(Caption-style text data)

********************

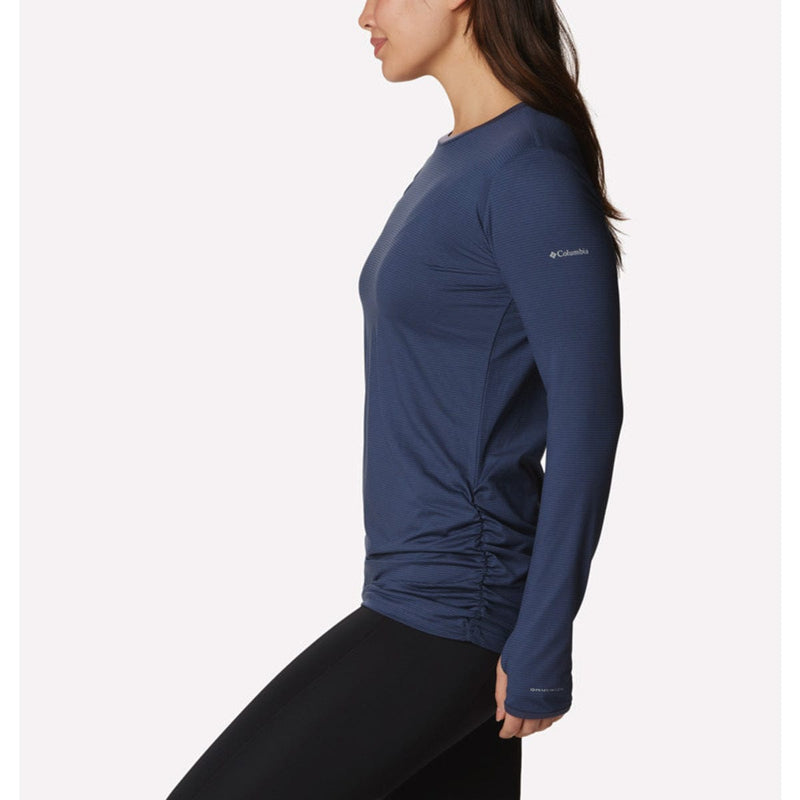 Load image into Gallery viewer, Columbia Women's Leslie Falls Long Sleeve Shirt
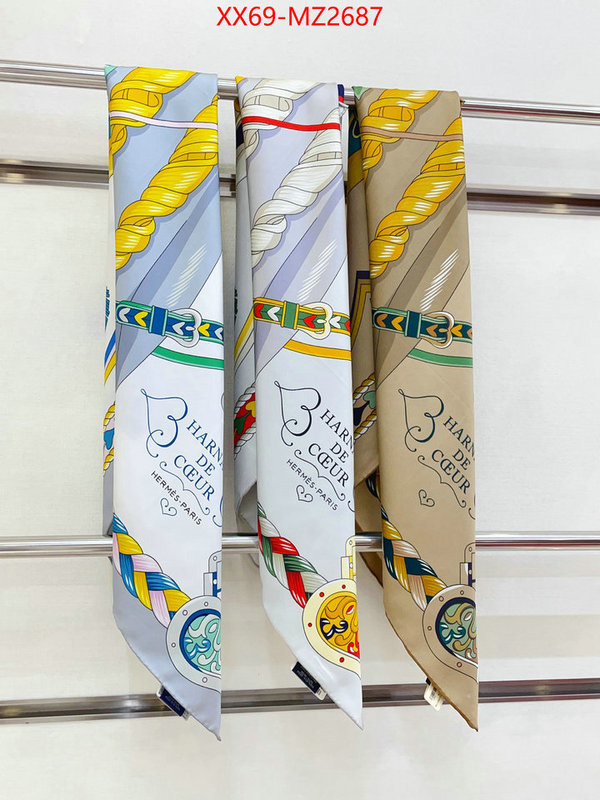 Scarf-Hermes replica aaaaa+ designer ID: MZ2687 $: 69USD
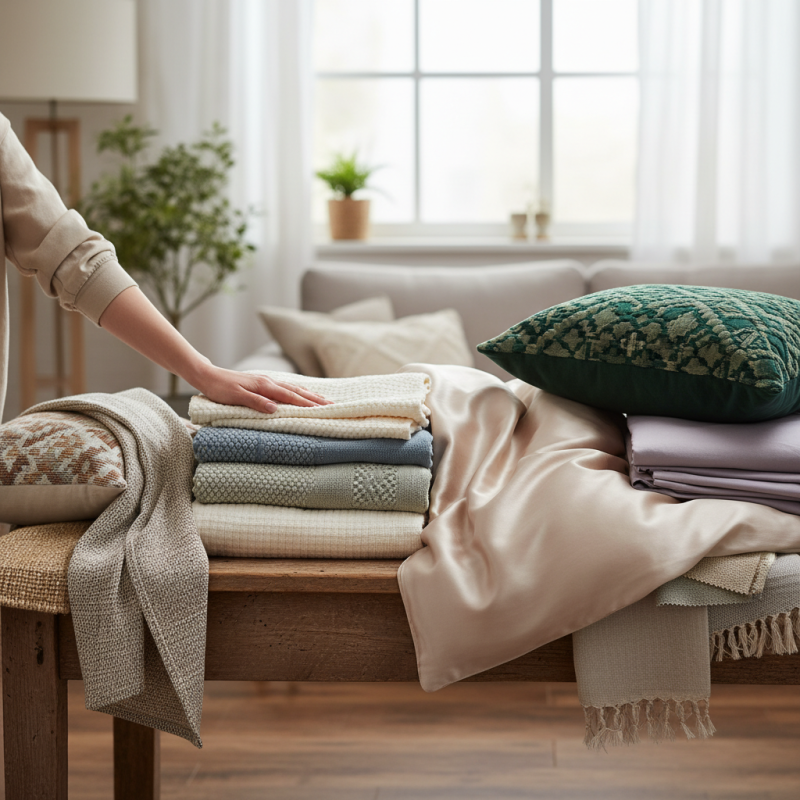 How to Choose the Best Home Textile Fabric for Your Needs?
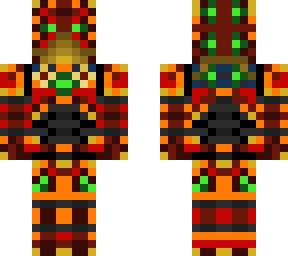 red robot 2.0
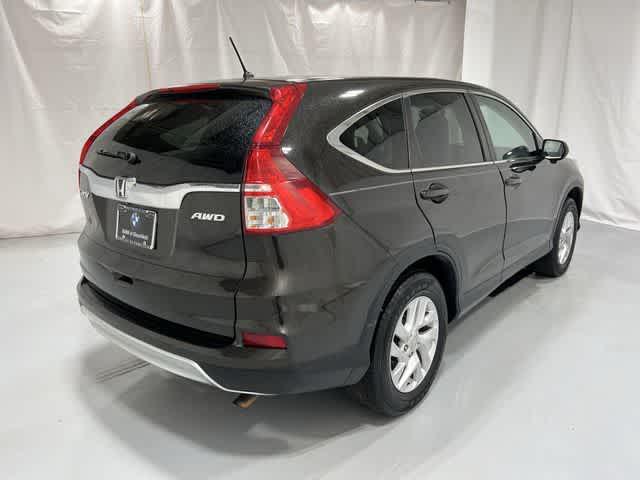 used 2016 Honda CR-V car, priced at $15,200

********************

* WORK INSTRUCTIONS:
Nothing but the lines from the one holding "How to Choose" through the last line of the entries should be written out, exactly and inclusively, minus the pictures.

* ANSWER TO THE EXERCISE:
 How to Choose the Best Home Textile Fabric for Your Needs?
 red robot 2.0
 used 2016 Honda CR-V car, priced at $15,200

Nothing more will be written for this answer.